Well, for one thing, they pay much higher taxes than we do. You might think that taxing people more heavily would lead to more crime - and you'd be right, if you simply took that money away and didn't reinvest it in society. But in places like Scandinavia, the high taxes serve to promote social welfare, assisting and protecting the most vulnerable portions of the population, and raising quality of life for everyone.

Happy, healthy, educated, and empowered people overwhelmingly don't commit crime. Miserable, unwell, ignorant, and desperate people do.

Unknown said...

"while imprisoning people temporarily stops them from committing crime outside prison walls, it also tends to increase their criminality after release": doesn't this suggest that, while we should reduce the numbers that we put in prison in the future, those who are in prison now should be kept there? I'm not actually suggesting this, but if we take these studies seriously, isn't that one conclusion?

G. Verloren said...

@David

It really breaks down into what you view the purpose of incarceration to be.

If you think incarceration is simply about removing criminals from society and perhaps also about inflicting punishment and vengeance on transgressors, then yes, locking them up forever ensures they don't commit more crimes, and that they continue to be punished in perpetuity.

But if you think incarceration is about rehabilitation, then you want to keep them locked up for as short a time as possible, because the longer they're removed from society, the harder it becomes for them to reintegrate into it later on.

And if you also think incarceration should be cost effective, and not impose a greater burden on society than the crimes that prompt it, then you likewise want to keep people locked up for the minimum reasonable amount of time, because there are substantial ongoing costs for keeping them imprisoned - both financial, and societal.

Unfortunately, in this country currently the prison system is not truly operated as a public good and service, but rather it functions chiefly as a for-profit business.

Unknown said...

Actually, my point was more about whether and how we should listen to studies like this.
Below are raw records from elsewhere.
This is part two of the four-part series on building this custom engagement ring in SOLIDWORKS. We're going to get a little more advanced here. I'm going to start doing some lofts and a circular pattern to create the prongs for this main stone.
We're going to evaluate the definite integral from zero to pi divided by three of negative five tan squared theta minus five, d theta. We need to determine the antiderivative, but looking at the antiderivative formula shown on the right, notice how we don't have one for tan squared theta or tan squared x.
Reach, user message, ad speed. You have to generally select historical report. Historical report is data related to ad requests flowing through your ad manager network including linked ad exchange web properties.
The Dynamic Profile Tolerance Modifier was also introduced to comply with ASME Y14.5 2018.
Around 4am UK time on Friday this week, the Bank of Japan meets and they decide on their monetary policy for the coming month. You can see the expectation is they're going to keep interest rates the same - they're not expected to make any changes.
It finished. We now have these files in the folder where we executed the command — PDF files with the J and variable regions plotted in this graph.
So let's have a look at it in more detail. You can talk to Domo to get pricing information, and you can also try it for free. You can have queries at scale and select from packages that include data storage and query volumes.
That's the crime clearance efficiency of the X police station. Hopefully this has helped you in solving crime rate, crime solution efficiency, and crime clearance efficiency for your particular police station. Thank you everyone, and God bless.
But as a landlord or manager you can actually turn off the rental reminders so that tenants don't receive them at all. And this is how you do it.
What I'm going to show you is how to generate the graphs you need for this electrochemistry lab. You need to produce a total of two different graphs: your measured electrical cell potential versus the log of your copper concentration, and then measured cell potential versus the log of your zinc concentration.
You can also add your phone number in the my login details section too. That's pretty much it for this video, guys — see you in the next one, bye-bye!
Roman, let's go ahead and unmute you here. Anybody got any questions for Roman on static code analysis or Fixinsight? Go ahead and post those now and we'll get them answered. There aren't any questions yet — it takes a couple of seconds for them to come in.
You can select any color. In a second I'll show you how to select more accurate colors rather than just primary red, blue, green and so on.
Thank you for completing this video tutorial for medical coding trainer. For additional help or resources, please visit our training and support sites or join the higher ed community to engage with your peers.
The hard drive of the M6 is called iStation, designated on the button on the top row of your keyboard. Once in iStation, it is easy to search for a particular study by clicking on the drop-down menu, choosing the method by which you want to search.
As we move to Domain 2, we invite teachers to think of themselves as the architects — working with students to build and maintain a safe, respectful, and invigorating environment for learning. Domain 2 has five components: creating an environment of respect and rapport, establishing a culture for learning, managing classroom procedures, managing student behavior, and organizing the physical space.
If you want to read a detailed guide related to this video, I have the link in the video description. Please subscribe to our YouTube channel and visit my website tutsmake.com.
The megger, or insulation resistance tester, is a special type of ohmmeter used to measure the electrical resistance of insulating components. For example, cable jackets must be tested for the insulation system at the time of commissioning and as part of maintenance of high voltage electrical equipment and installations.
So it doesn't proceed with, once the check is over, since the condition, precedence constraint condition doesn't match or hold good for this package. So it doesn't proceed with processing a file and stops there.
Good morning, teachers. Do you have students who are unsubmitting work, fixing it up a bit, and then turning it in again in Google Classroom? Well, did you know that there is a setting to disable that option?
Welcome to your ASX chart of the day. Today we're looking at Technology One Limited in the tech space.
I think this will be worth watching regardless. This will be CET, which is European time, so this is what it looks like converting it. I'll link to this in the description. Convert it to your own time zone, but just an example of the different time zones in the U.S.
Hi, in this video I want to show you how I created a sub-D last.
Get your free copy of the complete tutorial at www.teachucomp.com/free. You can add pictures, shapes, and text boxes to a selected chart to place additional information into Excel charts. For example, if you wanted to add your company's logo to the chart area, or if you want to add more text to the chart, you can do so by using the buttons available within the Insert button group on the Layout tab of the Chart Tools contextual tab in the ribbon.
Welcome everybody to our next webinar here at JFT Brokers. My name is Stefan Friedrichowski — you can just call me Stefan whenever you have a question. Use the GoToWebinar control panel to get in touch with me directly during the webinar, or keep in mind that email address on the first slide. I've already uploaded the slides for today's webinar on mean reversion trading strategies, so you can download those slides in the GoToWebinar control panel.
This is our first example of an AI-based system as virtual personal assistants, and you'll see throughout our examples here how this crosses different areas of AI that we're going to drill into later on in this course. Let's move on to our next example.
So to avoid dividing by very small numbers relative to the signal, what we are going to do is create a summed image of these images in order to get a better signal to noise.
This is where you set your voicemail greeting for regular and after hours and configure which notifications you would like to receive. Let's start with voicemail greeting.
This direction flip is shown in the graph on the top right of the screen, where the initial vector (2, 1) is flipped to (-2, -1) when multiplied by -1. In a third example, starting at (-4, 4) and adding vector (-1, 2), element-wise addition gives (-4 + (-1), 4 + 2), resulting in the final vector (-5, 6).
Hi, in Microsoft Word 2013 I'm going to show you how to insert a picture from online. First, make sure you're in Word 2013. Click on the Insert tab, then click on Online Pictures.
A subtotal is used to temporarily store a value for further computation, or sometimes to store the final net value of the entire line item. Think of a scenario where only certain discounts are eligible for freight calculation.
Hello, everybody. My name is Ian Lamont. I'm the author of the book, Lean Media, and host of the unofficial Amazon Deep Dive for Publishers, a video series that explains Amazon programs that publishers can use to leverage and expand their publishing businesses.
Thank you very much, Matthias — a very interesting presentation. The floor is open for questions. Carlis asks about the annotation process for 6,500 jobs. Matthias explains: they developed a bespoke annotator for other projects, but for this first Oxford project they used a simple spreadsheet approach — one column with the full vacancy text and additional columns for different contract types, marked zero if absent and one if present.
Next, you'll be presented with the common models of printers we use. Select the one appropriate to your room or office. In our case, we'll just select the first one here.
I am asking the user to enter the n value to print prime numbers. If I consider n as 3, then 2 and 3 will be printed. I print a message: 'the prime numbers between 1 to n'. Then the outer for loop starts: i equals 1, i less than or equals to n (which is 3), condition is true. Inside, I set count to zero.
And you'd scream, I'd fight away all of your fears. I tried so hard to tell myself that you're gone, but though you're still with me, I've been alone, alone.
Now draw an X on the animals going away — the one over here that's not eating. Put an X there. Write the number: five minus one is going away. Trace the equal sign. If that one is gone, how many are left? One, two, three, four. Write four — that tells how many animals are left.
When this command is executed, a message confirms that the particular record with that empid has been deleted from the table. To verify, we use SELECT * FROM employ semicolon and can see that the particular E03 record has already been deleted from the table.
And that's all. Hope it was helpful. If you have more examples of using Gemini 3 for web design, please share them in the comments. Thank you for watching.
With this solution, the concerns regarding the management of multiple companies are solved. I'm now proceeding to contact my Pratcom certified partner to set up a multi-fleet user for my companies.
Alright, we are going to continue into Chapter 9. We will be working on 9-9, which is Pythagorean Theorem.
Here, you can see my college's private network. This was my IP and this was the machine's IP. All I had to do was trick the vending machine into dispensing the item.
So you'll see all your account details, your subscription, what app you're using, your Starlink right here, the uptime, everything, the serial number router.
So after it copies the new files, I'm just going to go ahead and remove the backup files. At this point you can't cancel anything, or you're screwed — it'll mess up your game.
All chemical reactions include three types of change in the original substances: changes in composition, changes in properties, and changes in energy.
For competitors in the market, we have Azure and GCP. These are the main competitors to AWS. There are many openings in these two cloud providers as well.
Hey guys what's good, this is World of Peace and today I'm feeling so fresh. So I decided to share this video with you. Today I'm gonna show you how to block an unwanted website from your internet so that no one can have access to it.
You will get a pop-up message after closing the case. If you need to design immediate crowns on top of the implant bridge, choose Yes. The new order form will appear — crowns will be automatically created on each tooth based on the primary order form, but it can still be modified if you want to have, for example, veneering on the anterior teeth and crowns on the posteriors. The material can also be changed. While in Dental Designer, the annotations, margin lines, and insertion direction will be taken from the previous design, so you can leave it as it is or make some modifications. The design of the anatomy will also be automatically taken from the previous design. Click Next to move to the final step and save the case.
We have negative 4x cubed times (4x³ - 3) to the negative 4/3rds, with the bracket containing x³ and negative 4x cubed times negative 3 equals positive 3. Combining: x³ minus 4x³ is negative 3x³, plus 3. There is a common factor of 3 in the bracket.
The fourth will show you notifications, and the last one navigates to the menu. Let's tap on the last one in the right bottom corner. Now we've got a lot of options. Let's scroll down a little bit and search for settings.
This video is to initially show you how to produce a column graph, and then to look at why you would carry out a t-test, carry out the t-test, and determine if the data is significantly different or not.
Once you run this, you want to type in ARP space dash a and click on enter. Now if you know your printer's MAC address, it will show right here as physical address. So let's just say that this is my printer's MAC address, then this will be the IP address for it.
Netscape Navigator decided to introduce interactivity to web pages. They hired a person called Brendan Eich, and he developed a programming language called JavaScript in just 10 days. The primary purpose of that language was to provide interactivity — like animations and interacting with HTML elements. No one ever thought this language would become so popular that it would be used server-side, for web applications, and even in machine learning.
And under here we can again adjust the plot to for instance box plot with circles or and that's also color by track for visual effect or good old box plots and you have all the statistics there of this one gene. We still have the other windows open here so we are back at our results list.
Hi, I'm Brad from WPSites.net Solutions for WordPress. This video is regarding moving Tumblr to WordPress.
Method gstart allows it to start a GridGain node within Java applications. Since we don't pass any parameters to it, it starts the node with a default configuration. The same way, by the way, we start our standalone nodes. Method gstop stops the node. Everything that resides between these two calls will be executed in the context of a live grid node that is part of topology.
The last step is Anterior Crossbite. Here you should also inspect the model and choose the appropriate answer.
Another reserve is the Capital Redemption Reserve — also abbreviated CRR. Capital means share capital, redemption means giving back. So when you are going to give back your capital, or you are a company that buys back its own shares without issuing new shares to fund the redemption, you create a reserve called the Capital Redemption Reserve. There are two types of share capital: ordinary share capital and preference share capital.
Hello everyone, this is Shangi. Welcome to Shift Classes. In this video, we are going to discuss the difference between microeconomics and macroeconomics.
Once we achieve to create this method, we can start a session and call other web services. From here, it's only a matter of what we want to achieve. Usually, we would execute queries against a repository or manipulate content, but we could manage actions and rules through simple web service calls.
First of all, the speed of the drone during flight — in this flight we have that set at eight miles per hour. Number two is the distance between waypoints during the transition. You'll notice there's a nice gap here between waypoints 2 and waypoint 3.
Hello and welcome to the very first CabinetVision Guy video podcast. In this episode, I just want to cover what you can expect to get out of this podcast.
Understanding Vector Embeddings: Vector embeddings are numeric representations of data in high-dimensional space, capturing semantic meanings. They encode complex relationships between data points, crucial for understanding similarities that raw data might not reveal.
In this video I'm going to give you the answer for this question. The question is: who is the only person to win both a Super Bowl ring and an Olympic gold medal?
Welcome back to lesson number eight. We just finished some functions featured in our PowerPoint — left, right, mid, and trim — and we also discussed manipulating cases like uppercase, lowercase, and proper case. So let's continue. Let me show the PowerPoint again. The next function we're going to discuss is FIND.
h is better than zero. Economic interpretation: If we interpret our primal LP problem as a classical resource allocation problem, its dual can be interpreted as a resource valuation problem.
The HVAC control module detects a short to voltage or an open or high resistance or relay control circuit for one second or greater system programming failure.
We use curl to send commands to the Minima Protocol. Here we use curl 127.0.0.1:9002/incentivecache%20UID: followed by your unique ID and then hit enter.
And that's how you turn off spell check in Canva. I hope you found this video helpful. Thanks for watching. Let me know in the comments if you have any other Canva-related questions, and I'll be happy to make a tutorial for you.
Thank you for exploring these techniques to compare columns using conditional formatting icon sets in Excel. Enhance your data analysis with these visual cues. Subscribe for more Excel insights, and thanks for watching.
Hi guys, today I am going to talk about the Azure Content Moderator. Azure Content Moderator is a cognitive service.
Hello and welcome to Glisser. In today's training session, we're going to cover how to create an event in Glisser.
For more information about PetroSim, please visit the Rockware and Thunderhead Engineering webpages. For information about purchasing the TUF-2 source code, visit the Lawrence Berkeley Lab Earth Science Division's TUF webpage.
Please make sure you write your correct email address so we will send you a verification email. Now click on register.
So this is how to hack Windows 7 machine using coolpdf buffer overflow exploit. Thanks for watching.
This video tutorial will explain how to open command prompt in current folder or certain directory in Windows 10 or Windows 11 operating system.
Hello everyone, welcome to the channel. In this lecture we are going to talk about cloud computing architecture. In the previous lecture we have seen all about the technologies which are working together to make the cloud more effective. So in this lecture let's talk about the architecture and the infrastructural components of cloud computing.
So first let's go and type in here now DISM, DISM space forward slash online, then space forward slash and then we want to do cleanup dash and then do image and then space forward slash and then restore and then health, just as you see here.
If we were really going to be guided by this study, wouldn't we be keeping the current prison population locked up indefinitely? And if we don't, but use it to justify sentencing reform, aren't we really just using the study to rationalize what we want to do anyway? Again, I'm not actually suggesting we keep the current prison population locked up indefinitely--I'm critiquing the way we use studies.

John said...

The compares the status quo with proposed reforms that would reduce the prison population. It does not consider any other alternative, because no other alternative is really under consideration. It does not consider, for example, that we simply shoot all prisoners, even if that might reduce crime.

The study is narrowly focused on a single question: if we introduce reforms that would reduce the prison population 5 to 20 percent compared to current practice, would crime increase? The answer it finds is no. It is not intended to answer any other question.

Unknown said...

Indeed, but the author's analysis cites other studies that run into the problem I'm describing. Again, I'm not actually trying to say one thing or the other about prison reform. I am saying I think the value of statistical studies is limited.